A 55-year-old man presented with painful, burning sores in his mouth for several weeks,
aggravated by eating spicy foods and caffeine-containing drinks. Examination showed multiple irregularly shaped erosions with yellow bases and a few white circular areas on the inside of both cheeks (the buccal mucosae). An oral biopsy confirmed the diagnosis of erosive lichen planus. He was treated with a medium-strength topical steroid gel called fluocinonide twice daily for two weeks.

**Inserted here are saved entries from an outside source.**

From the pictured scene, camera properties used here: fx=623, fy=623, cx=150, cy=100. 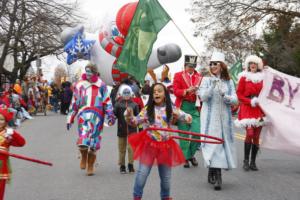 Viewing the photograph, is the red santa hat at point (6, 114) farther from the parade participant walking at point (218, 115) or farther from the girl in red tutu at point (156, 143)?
the parade participant walking at point (218, 115)

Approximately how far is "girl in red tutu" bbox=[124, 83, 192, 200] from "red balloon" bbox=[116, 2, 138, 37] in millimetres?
10727

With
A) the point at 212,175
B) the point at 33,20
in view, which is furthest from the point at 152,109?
the point at 33,20

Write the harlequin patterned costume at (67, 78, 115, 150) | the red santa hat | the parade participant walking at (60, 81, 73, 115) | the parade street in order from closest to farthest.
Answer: the red santa hat
the parade street
the harlequin patterned costume at (67, 78, 115, 150)
the parade participant walking at (60, 81, 73, 115)

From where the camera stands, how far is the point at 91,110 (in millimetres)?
9852

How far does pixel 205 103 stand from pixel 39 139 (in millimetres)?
8606

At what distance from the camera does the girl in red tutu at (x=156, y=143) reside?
6.79 metres

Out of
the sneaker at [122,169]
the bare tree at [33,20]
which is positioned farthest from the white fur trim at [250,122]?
the bare tree at [33,20]

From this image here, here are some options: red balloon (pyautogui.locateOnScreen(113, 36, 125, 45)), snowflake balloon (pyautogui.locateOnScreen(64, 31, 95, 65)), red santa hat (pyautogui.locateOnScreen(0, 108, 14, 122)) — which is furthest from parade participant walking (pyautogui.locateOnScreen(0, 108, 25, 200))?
red balloon (pyautogui.locateOnScreen(113, 36, 125, 45))

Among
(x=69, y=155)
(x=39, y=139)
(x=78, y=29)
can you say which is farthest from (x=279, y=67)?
(x=69, y=155)

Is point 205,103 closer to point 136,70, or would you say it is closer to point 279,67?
point 136,70

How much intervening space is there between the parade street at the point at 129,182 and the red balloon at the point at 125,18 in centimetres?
573

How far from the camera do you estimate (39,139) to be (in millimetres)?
16531

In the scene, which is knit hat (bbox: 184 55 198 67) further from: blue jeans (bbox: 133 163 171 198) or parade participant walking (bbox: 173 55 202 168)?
blue jeans (bbox: 133 163 171 198)

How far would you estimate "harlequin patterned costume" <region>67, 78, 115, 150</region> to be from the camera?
9.82m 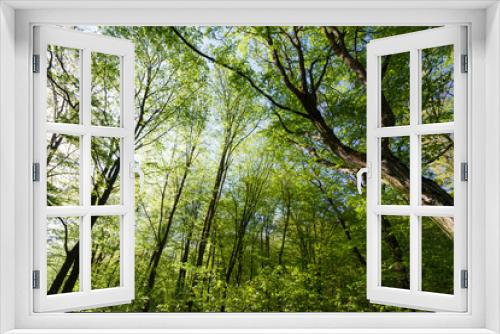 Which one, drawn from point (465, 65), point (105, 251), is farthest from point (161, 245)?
point (465, 65)

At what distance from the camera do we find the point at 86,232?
7.41 ft

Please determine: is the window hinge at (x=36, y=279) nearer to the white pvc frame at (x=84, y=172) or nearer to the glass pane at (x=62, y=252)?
the white pvc frame at (x=84, y=172)

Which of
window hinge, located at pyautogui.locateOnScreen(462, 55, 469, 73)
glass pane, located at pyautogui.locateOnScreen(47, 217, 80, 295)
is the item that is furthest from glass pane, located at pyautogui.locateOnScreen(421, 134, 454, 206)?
glass pane, located at pyautogui.locateOnScreen(47, 217, 80, 295)

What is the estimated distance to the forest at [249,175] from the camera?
4.95 m

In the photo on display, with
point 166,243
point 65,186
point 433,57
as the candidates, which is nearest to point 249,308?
point 166,243

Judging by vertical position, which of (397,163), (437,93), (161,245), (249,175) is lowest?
(161,245)

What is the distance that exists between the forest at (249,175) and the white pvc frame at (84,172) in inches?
90.5

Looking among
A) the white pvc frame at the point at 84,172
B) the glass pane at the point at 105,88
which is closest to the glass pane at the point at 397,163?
the white pvc frame at the point at 84,172

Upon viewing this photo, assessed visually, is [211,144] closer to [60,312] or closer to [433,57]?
[433,57]

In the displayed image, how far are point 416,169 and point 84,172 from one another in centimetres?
159

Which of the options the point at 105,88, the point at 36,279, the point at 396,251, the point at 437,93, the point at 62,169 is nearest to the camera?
the point at 36,279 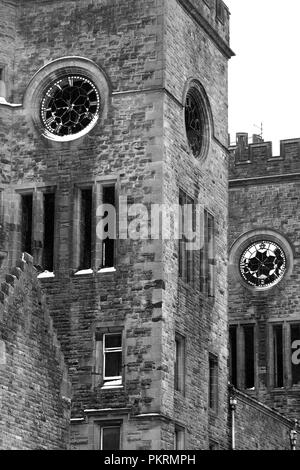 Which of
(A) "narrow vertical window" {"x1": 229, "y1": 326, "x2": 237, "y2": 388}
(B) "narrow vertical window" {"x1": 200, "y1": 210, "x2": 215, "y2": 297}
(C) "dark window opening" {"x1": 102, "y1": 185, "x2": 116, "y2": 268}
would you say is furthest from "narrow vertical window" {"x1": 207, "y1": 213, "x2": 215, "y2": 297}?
(A) "narrow vertical window" {"x1": 229, "y1": 326, "x2": 237, "y2": 388}

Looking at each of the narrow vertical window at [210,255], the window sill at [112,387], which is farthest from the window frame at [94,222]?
the narrow vertical window at [210,255]

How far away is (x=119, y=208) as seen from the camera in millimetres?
56812

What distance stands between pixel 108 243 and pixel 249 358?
709 inches

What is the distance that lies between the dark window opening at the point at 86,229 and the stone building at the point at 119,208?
0.05 metres

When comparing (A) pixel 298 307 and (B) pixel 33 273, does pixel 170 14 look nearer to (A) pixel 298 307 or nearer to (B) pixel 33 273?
(B) pixel 33 273

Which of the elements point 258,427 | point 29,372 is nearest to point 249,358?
point 258,427

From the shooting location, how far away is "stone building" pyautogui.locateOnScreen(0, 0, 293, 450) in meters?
55.4

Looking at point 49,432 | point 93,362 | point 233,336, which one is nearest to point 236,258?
point 233,336

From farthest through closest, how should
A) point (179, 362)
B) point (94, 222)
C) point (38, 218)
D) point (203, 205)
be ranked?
point (203, 205) < point (38, 218) < point (94, 222) < point (179, 362)

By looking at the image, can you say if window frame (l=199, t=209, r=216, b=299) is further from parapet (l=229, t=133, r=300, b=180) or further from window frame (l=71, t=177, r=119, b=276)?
parapet (l=229, t=133, r=300, b=180)

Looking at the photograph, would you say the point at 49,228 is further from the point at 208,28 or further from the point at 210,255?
the point at 208,28

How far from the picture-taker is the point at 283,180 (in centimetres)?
7506

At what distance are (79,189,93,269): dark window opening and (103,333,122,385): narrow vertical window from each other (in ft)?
9.28

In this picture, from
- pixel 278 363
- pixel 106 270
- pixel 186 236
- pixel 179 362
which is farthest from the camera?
pixel 278 363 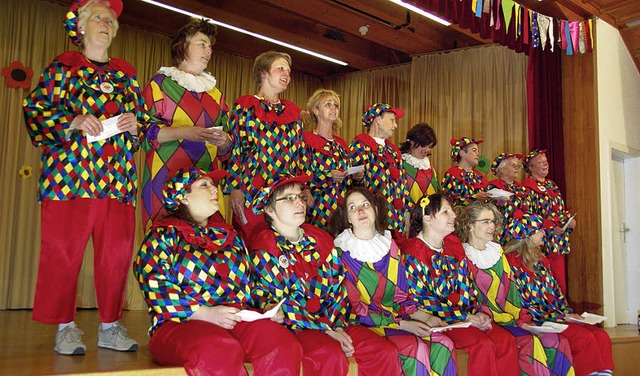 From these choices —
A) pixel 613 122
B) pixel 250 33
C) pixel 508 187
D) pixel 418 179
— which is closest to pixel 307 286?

At the follow-up visit, he complained that his symptoms were worse. The mucous membranes now demonstrated white raised patches that could be wiped away by the examiner to reveal bases with bleeding points. Microscopic examination of the surface cells also showed many pseudohyphae indicative of a yeast infection or thrush. A culture of this material later grew Candida albicans yeast. The steroid gel was stopped, and he was asked to take clotrimazole lozenges to dissolve in his mouth five times daily for two weeks.
At the next follow-up visit, his mouth felt completely normal, and the examination showed that his mucous membranes were virtually clear. No further treatment was given.

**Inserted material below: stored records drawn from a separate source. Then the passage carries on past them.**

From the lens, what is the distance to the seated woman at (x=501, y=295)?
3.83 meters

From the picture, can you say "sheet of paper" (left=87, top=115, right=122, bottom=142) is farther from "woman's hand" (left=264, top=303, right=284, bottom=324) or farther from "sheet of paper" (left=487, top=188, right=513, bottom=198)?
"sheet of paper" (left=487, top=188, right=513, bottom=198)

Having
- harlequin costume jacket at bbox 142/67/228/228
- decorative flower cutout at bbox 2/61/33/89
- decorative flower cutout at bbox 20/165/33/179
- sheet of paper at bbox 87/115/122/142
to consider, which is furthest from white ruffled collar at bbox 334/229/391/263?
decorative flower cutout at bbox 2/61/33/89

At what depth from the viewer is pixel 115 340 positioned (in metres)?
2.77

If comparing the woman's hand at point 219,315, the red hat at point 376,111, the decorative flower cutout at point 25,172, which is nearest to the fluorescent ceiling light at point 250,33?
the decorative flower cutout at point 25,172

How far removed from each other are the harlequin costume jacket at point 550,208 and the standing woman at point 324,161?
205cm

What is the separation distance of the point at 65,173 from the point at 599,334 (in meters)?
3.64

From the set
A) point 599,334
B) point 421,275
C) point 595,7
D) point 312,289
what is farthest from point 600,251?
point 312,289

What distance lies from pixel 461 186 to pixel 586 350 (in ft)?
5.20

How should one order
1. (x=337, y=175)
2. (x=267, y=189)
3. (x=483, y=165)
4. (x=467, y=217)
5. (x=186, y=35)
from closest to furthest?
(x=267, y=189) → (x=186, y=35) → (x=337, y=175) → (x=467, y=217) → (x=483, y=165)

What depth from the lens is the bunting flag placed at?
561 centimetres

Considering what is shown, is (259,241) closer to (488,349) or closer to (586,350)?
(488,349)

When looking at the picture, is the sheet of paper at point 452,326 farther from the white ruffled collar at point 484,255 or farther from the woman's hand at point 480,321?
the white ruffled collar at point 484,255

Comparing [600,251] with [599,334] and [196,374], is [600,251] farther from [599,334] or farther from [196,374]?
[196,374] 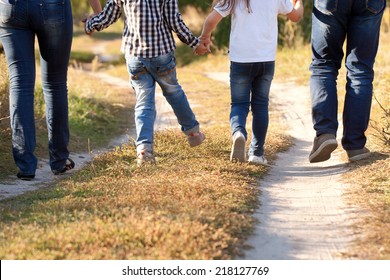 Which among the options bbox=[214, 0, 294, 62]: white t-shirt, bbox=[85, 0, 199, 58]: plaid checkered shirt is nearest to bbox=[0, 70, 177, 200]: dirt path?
bbox=[85, 0, 199, 58]: plaid checkered shirt

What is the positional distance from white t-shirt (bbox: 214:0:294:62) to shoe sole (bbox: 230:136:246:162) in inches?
24.1

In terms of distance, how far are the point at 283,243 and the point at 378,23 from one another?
249 cm

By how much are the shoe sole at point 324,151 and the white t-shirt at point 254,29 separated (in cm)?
77

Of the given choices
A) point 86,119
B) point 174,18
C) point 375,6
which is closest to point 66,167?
point 174,18

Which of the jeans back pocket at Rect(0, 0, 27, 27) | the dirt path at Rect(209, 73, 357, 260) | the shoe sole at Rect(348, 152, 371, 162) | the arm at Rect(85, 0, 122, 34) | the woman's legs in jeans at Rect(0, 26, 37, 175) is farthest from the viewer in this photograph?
the shoe sole at Rect(348, 152, 371, 162)

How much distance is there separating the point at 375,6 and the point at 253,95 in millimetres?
1126

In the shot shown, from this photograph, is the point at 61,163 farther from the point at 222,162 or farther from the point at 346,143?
the point at 346,143

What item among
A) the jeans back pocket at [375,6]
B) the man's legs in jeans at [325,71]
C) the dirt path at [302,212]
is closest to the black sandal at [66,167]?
the dirt path at [302,212]

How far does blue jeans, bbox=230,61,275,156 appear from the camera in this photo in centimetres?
614

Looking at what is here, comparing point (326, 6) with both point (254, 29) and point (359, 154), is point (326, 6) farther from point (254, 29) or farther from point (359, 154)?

Oral lichen planus is frequently colonized by yeast organisms such as Candida species. When steroid medicines such as topical gels , rinses, and pills are used to reduce the inflammation caused by the lichen planus disease, the local immunity is suppressed. This allows further growth of yeast colonies, invasion of the superficial layer of the mucous membrane, and development of a true yeast infection called “thrush” in the mouth.

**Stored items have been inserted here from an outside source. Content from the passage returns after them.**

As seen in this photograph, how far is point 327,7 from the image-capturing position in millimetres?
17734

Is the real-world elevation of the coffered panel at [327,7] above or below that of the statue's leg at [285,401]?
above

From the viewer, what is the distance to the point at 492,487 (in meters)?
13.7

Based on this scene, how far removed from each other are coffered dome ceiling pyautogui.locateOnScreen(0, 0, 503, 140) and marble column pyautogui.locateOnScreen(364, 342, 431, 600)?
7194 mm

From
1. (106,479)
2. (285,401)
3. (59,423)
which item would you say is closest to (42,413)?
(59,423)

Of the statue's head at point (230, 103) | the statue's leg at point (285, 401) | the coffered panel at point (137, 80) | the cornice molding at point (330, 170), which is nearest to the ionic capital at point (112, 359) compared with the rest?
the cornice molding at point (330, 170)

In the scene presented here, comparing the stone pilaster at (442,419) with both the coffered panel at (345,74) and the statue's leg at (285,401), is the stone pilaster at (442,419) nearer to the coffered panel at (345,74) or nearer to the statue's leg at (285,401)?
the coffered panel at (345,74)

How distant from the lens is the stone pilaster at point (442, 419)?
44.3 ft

What we have learned from this experience is to either treat the presumed yeast infection first, or to combine the anti-yeast and anti-inflammatory steroid treatment from the outset. We do this routinely now by alternating the oral rinses dexamethasone which is the steroid with nystatin which is the anti-yeast agent with fairly successful results. There are other choices of steroids and anti-yeast agents available as well as non-steroidal medications for the more resistant cases of oral erosive lichen planus.